• Activity
Copy exactly, and only, the lines from the one with "Zapatillas de niño" to the end of the listing; omit pictures.
Data extract Start Marker
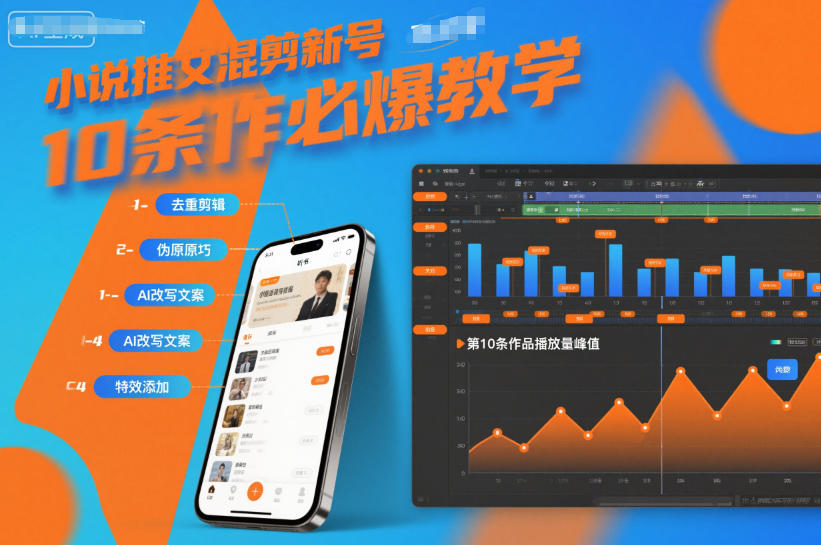 小说推文混剪新号10条必爆教学,伪原创10条作品必爆技巧-第一资源库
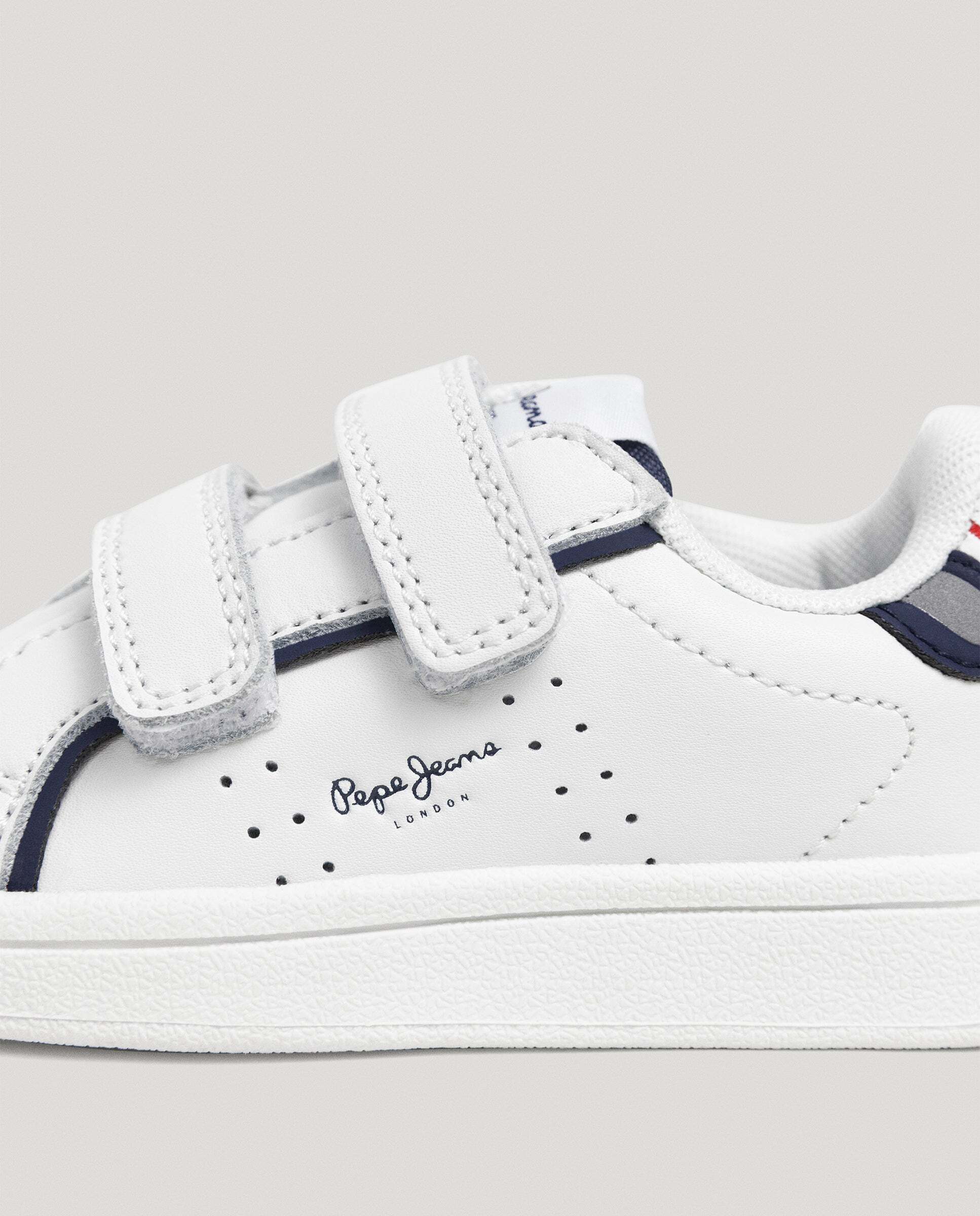 Zapatillas de niño de piel cierre cierre adherente - Pepe Jeans - Blanco Blanco-5
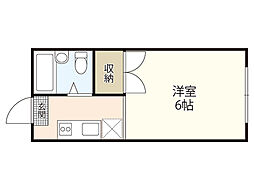 第1角戸ハイツ ワンルームの間取図画像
Data extract End Marker
• Exercise response
 Zapatillas de niño de piel cierre cierre adherente - Pepe Jeans - Blanco Blanco-5
 第1角戸ハイツ ワンルームの間取図画像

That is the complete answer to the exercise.